InspecTor: A Streamlined Tool for Website Metadata Extraction
Pulling metadata from websites was once a straightforward task. You could hit a few URLs, scrape the required data, and move on. However, with the rise of dynamic content, Tor-hidden services (.onion domains), and increasing anonymity concerns, the process became far more complex. InspecTor is a command-line tool I developed to address these challenges. It simplifies metadata extraction from websites, including Tor services, while preserving user anonymity.
To clarify, I’m not a professional developer, just someone who needed a functional solution when existing tools fell short. Most scrapers I tried either broke on .onion domains or failed to process JavaScript-heavy pages. I created InspecTor to extract emails, links, images, and other relevant data without exposing my IP address. While it’s not perfect, it works and might save you some headaches too.
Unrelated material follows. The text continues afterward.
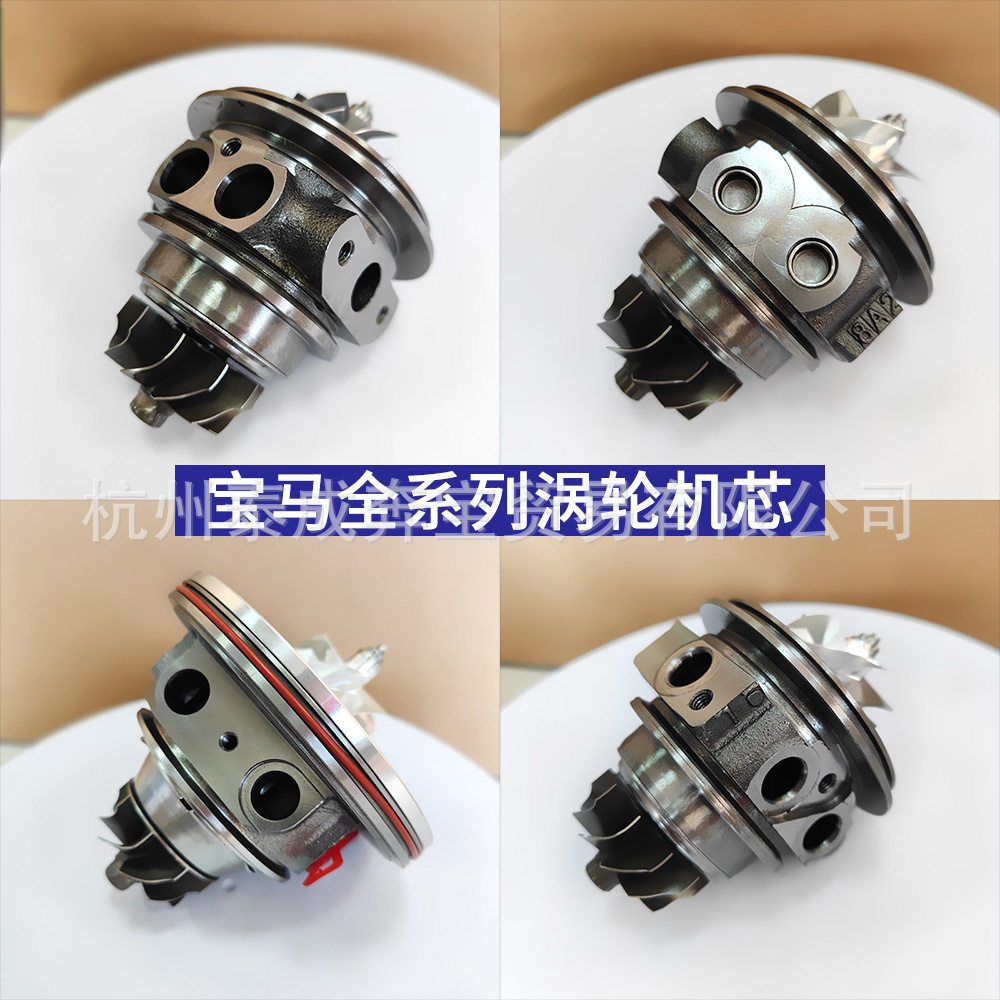 820021-5001S 11624601147 11627606645 11657635803 11697593022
What Makes InspecTor Stand Out?
InspecTor focuses on three core capabilities:
- Metadata Extraction: It retrieves emails, phone numbers, links, images, and other exposed data from websites.
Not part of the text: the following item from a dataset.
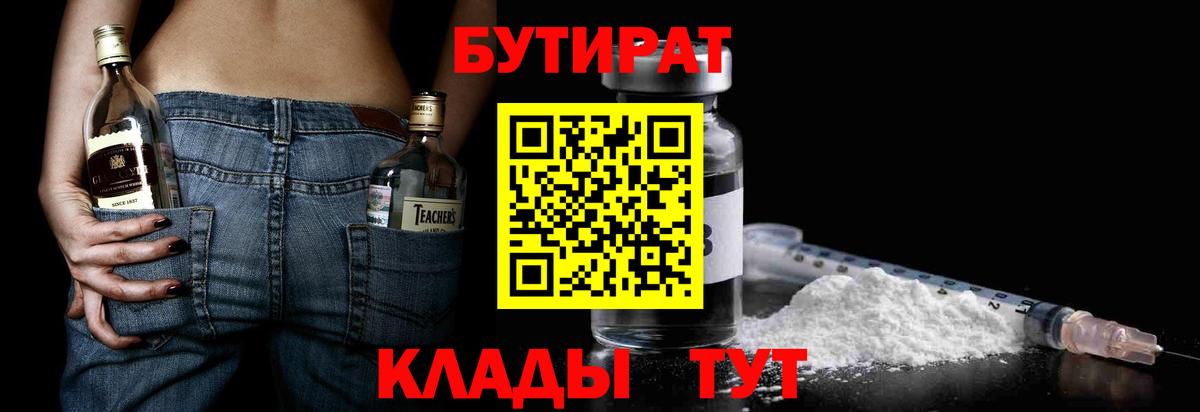 БУТИРАТ BDO 33% Борисоглебск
- Tor Support: Requests are routed through the Tor network, enabling anonymous access to .onion domains and privacy-sensitive sites.
- Dynamic Content Handling: By leveraging Selenium, InspecTor processes JavaScript-heavy pages that traditional scrapers typically ignore.
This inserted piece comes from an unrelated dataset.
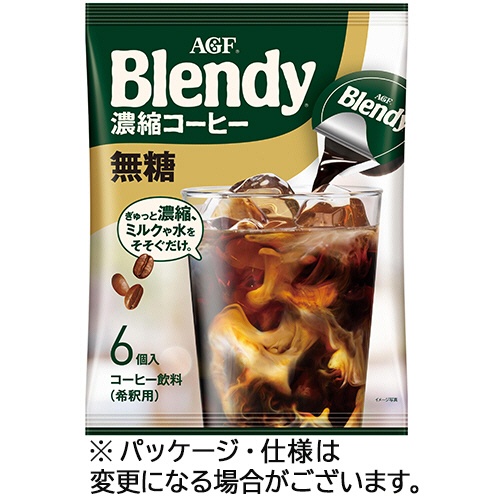 味の素ＡＧＦ　ブレンディ　ポーション　濃縮コーヒー　無糖　１袋（６個）1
Combined with multithreading for concurrent URL processing, InspecTor offers an efficient way to gather metadata while avoiding flags or blocks.
Key Features
- Anonymous Scraping: Routes all requests through the Tor network for IP anonymity and seamless .onion domain access.
- Dynamic Content Support: Processes JavaScript-dependent pages using Selenium.
- Targeted Metadata Extraction: Retrieve specific fields like emails, phone numbers, images, and links.
- Concurrent Processing: Multithreading allows simultaneous scraping of multiple URLs for improved speed.
- Flexible Output Formats: Export results to JSON, SQLite, or human-readable formats.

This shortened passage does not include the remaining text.